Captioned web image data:
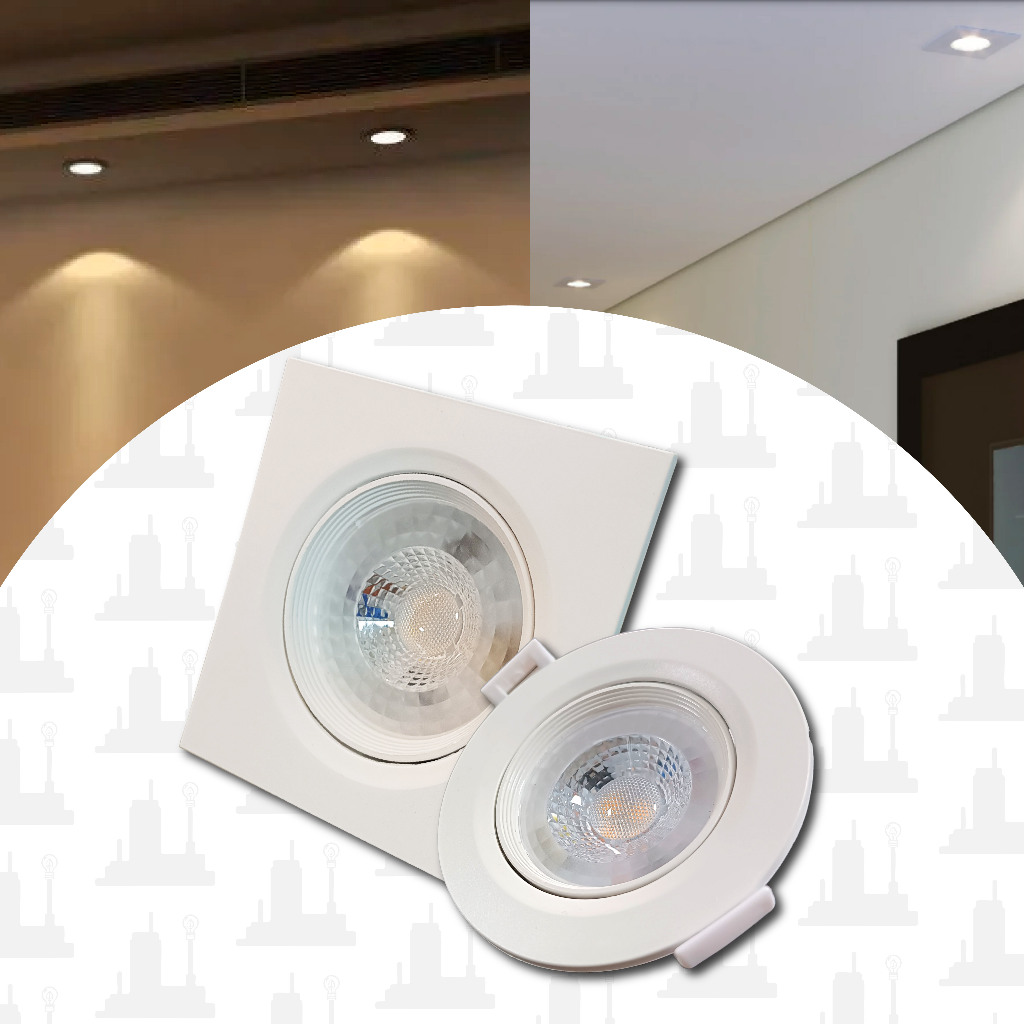 Kit 10 Spot led 5w 7w Luminária Bivolt Direcionavel Quadrado Redondo Embutido Teto Sanca LED FACTORY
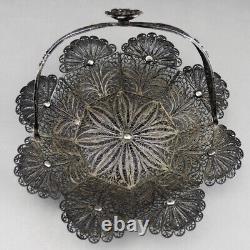 Old filigree silver basket with hallmark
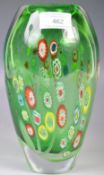 MURANO MILLEFIORI GREEN LOBED VASE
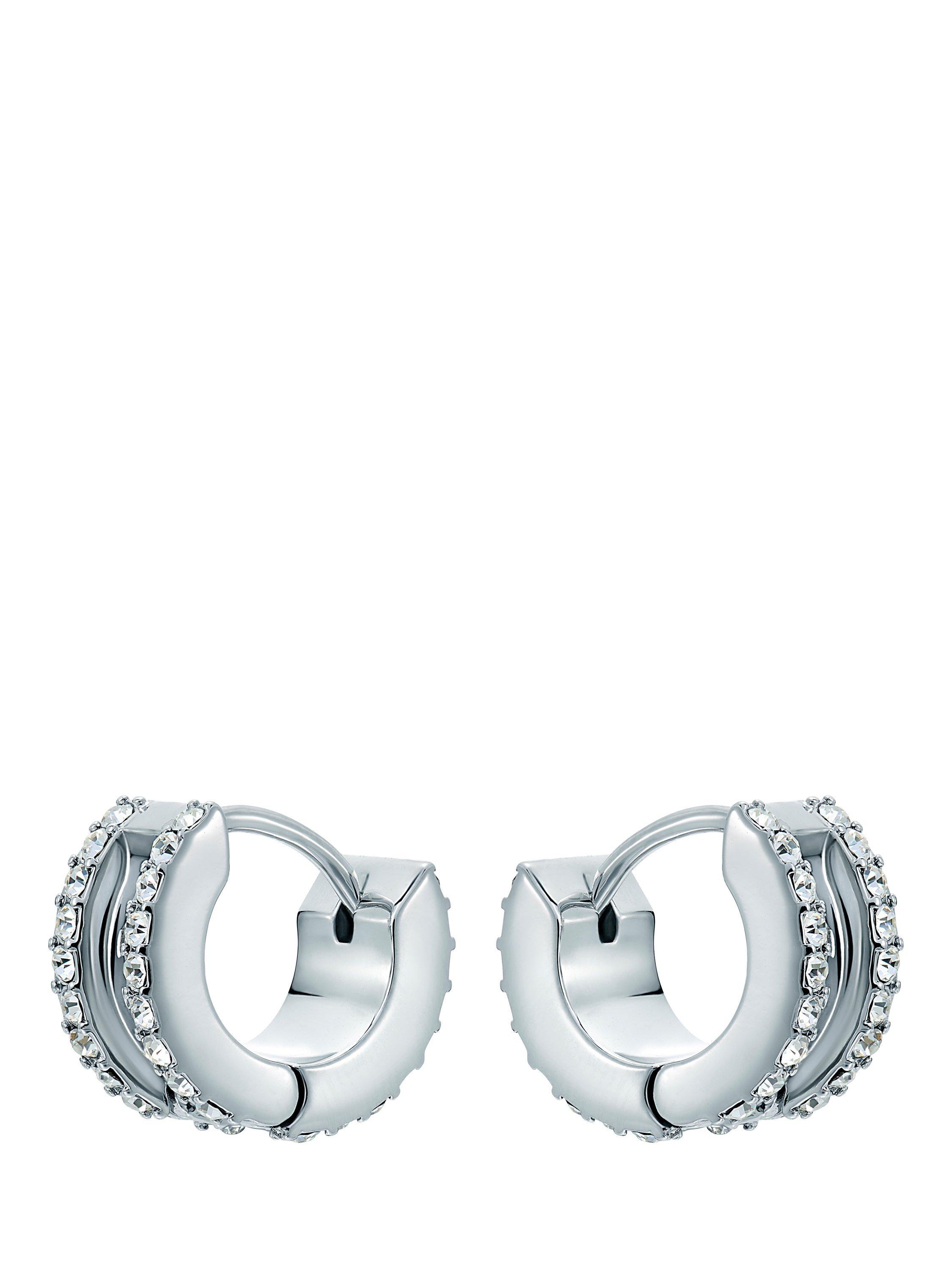 Product image 3 of 6, which shows Ted Baker Rosy Crystal Roll Huggie Earrings, Silver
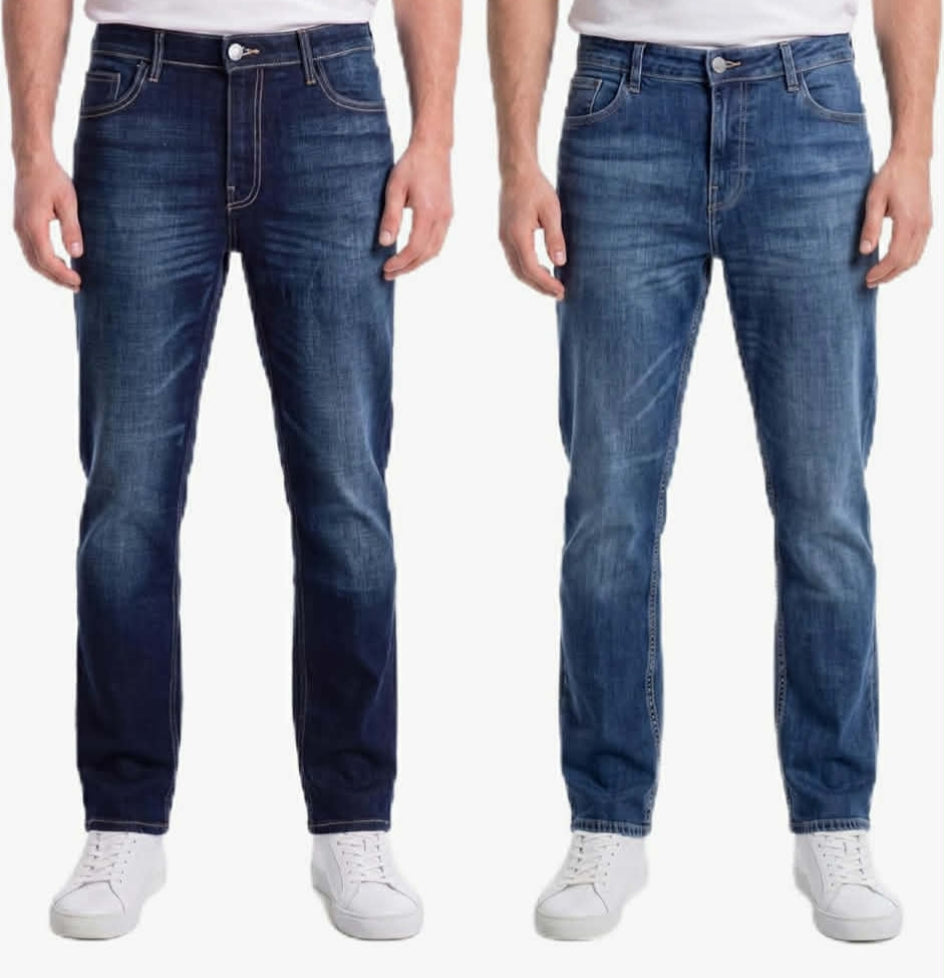 SMITH & JONES 2 Pack Mens Stretch Jeans Zip Fly, Classic Everyday Denim Trousers Stretchy Man Straight Leg Jean Black Blue Stonewash Dark Regular Waist Twin Multipack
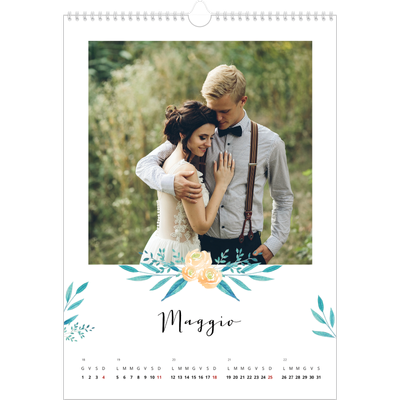 Calendario A3 verticale — Illustrazioni floreali [copertina]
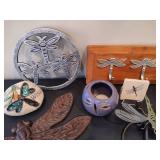 Lot of Dragonfly Decor & Butterfly Lamp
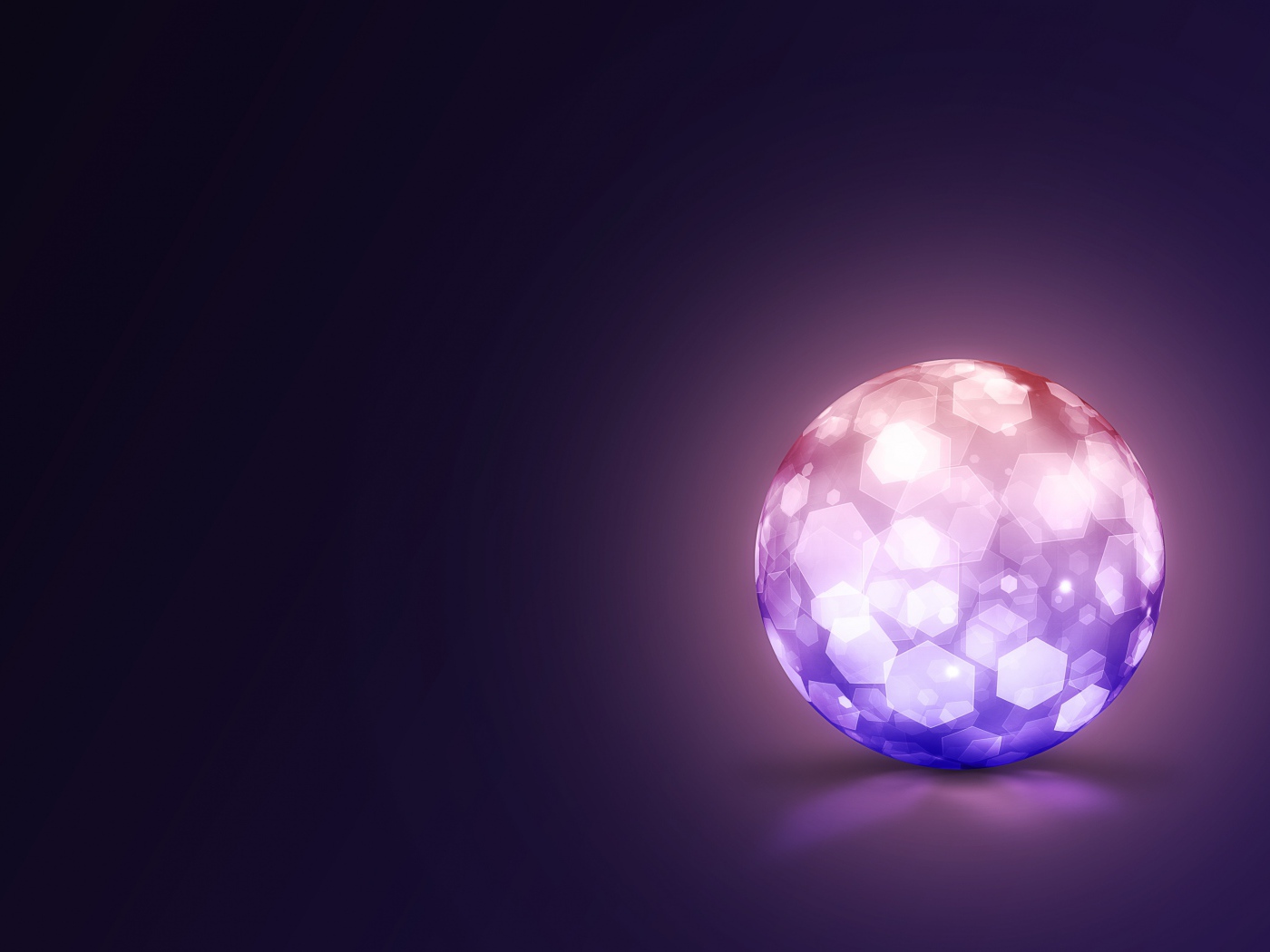 Сияющий шар на фиолетовом фоне 3д графика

- **PROBLEM**
Each line from the one containing "Calendario A3 verticale" through the final line of the data must be reproduced exactly, both ends included, with no pictures in the copy.

- **EXERCISE RESPONSE**
 Calendario A3 verticale — Illustrazioni floreali [copertina]
 Lot of Dragonfly Decor & Butterfly Lamp
 Сияющий шар на фиолетовом фоне 3д графика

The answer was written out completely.